Lo más atinado para que «llegue», para que siga «llegando», dicen algunos, es imprimir más pulóveres con su rostro, llaveros, almanaques, que su estampa se multiplique más rápido que el entendimiento de lo que significa.

En el centro de la cuestión, también como objeto, suele encontrarse, además de al Che, a la masa amorfa e indefinida que unos cuantos llaman jóvenes.

Desde sus calidades de «objetos», jóvenes y el Che pueden de pronto ser cualquier cosa mientras comparten oración.

«¡Hay que hacer que el Che llegue a los jóvenes! Hay que intentar que lo conozcan, que sepan que fue un hombre de carne y hueso, que se enamoró, que leía a Martí, que fue entregado, valiente, que sacrificó mucho».

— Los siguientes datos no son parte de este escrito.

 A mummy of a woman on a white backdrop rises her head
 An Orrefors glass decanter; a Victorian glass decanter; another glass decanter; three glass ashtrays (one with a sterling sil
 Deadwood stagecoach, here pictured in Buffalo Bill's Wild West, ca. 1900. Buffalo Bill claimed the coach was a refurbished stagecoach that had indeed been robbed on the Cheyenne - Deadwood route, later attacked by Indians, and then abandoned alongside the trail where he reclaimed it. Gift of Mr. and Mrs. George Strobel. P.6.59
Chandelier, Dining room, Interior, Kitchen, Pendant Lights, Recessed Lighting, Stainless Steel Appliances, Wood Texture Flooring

De partida, es obvio que uno está de acuerdo, pero quizá hay un problema de planteamiento, o del orden de las enunciaciones, lo cual no resulta asunto menor.

El fin, en nuestro caso, nunca puede ser que «se conozca», aunque se trate de algo tan sublime como Ernesto, porque entonces entramos en el terreno de lo museístico, de las vitrinas, de la «cultura general integral».

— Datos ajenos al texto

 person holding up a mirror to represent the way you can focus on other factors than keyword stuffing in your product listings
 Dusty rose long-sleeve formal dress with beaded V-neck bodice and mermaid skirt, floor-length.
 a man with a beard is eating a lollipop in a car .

Sí, conocer al Che, como conocer que vivó un músico que se llamó Beethoven y no era exactamente reggaetonero, o que el edificio más alto del mundo se llama Burj Khalifa y se levanta en Dubái, o que existe un lago inmenso en África que lleva por nombre Victoria, o que el pico Turquino está en la Sierra Maestra, o que Martin Luther King dijo cierto día que tenía un sueño.

Hace falta conocer esas cosas, pero no por el hecho de saberlas y ya, porque el conocimiento siempre será una vía para algo, no un fin en sí mismo.

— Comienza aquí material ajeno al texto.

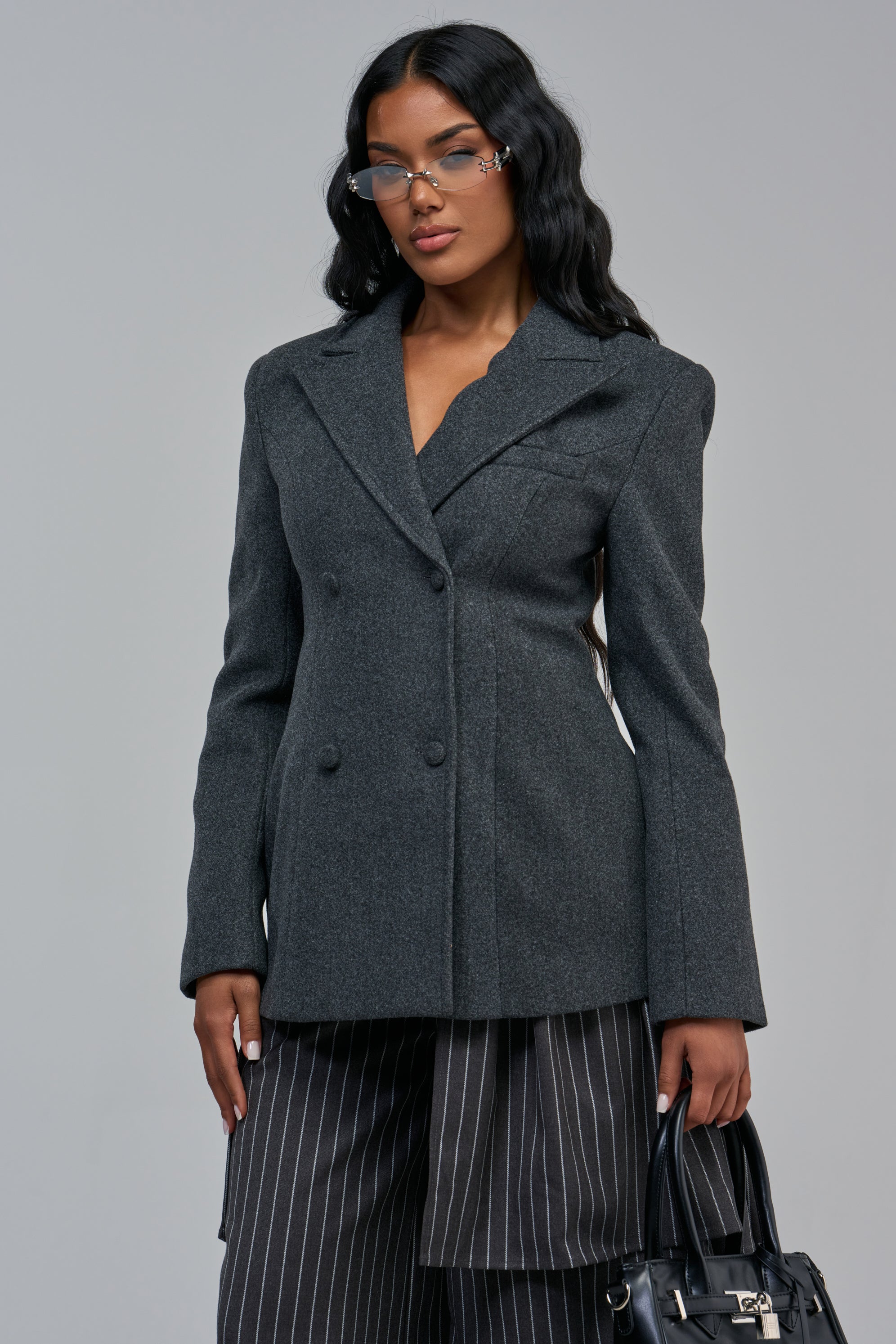 A person wearing a charcoal grey FAWN LACE UP BLAZER with pinstriped trousers and holding a black handbag, styled for business casual officewear.
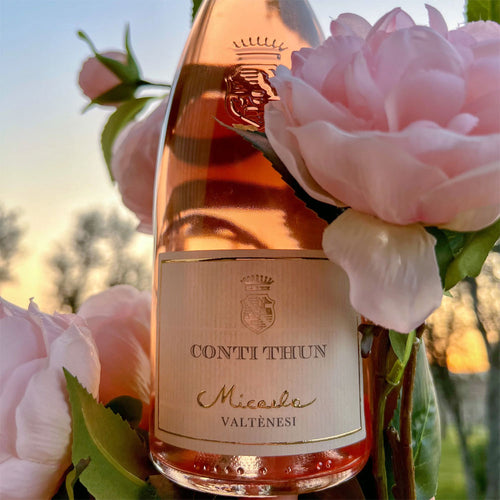 CONTI THUN Micalea Valtènesi Roséweinflasche aus transparentem Glas mit beigefarbenem Etikett und goldenen Details, umgeben von rosa Rosen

No hablamos de una exquisitez metodológica, sino de la formulación de premisas como pueblo. Hay que sospechar de –o al menos no hacer mucho caso a– quienes pasan toda su vida investigando por la talla de calzoncillos que vestían los mártires o la cantidad de veces que sus nombres fueron repetidos en un libro.

Hay urgencias… Es una urgencia que la gente sienta por algo más allá que los muros de su casa y sus vínculos afectivos inmediatos. Es una urgencia que la gente se movilice por dentro y por fuera ante las injusticias. Es una urgencia que la gente tenga mecanismos para entender y para hacer. Es una urgencia que la gente tenga algo tan político como el derecho a soñar y mecanismos para, si no concretar, al menos fajarse por esos sueños.

Hay más urgencias. Que nadie pase hambre. Que el «nosotros» rebase al «yo», que lo eleve hasta la realización más plena sin que lo aplaste. Que no se hable más de los jóvenes como si fueran, fuéramos, estúpidos, a los que «hay que atender».

El Che –quien, por cierto, tenía 28 años en 1956– atraviesa, claro está, todas estas urgencias, pero como una vía de entendimiento, como un patrón moral de cara a ellas, que fueron las mismas que movieron su vida.

No hay que atender a los jóvenes. Hay que atender a la patria y punto. En ese camino se unirán, como si fueran lo mismo, los nuevos y los viejos rostros.